Closed andreas-wolf closed 3 years ago
This is a bit weird too:
print(geo.geoparse( """ Wuppertal (onsite/remote) """ ))
[{'word': 'Wuppertal', 'spans': [{'start': 1, 'end': 10}], 'country_predicted': 'DEU', 'country_conf': 0.9048774, 'geo': {'admin1': 'North Rhine-Westphalia', 'lat': '51.25627', 'lon': '7.14816', 'country_code3': 'DEU', 'geonameid': '2805753', 'place_name': 'Wuppertal', 'feature_class': 'P', 'feature_code': 'PPLA3'}}, {'word': 'onsite', 'spans': [{'start': 12, 'end': 18}], 'country_predicted': 'NRU', 'country_conf': 0.2482127}, {'word': 'remote', 'spans': [{'start': 19, 'end': 25}], 'country_predicted': 'MMR', 'country_conf': 0.2482127}]
Nauru is onsite and Myanmar remote?
I found that this problem is related to using the German language model from spacy:
geo = Geoparser(
es_hosts=[os.getenv('ELASTICSEARCH_HOST')],
es_port=os.getenv('ELASTICSEARCH_PORT'),
nlp=spacy.load('de_core_news_lg', disable=['parser', 'tagger'])
)
If I use the English model it seems to work:
geo = Geoparser(
es_hosts=[os.getenv('ELASTICSEARCH_HOST')],
es_port=os.getenv('ELASTICSEARCH_PORT'),
nlp=spacy.load('en_core_web_lg', disable=['parser', 'tagger'])
)
I concluded from "Mordecai’s key technical innovations are in a language-agnostic architecture...[...]" Source: https://joss.theoj.org/papers/10.21105/joss.00091 that it would work with other languages too. This seems not to be the case since e.g. Tansania (ger) is not found but Tanzania (en) is. Maybe a hint that Mordecai only works for English text would be nice.

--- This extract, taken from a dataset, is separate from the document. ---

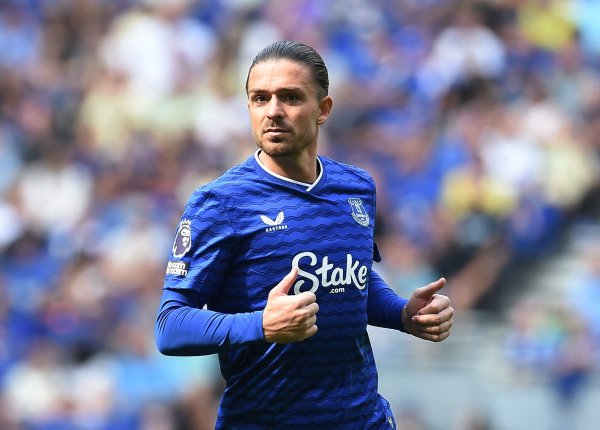 镜报：格拉利什租借表现亮眼但对曼城需回避，这让英超失去公正  性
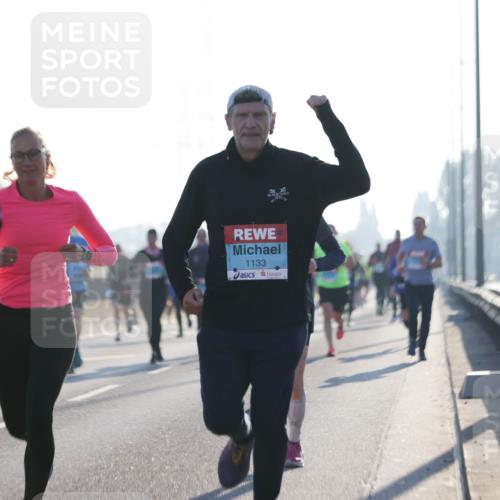 03.10.2025 - Köhlbrandbrückenlauf Jannik Wohlers http://msf.ph/oto/9058742 03.10.2025 09:14:08 Position 3 1133 meine-sportfotos.de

Thanks for bring this up and sorry for any frustration. I just updated the README to clarify that using Mordecai on other languages requires the models to be retrained, largely because the pretrained embeddings it uses aren't aligned across languages, so the models won't perform well on non-English, non-GloVe embeddings.
If I do another major re-write of Mordecai, it'll be after the new transformer-based version of spaCy comes out. Then I can switch to using something like XLNet, use contextual embeddings instead of the mess of features right now, and hopefully everything will work cross-lingually.
Working example:
print(geo.geoparse( """ Wuppertal remote-option """ ))
Result:
[{'word': 'Wuppertal', 'spans': [{'start': 1, 'end': 10}], 'country_predicted': 'DEU', 'country_conf': 0.9048774, 'geo': {'admin1': 'North Rhine-Westphalia', 'lat': '51.25627', 'lon': '7.14816', 'country_code3': 'DEU', 'geonameid': '2805753', 'place_name': 'Wuppertal', 'feature_class': 'P', 'feature_code': 'PPLA3'}}]
Not working:
print(geo.geoparse( """ Wuppertal (remote-option) """ ))
Result is a stack trace from TF and a country prediction for 'remote-option':
Expected: No stack trace, preferable no country entry for remote-option
Not working:
print(geo.geoparse( """ Wuppertal (remote option) """ ))
Result is empty:
[]
Expected: Find Wuppertal as city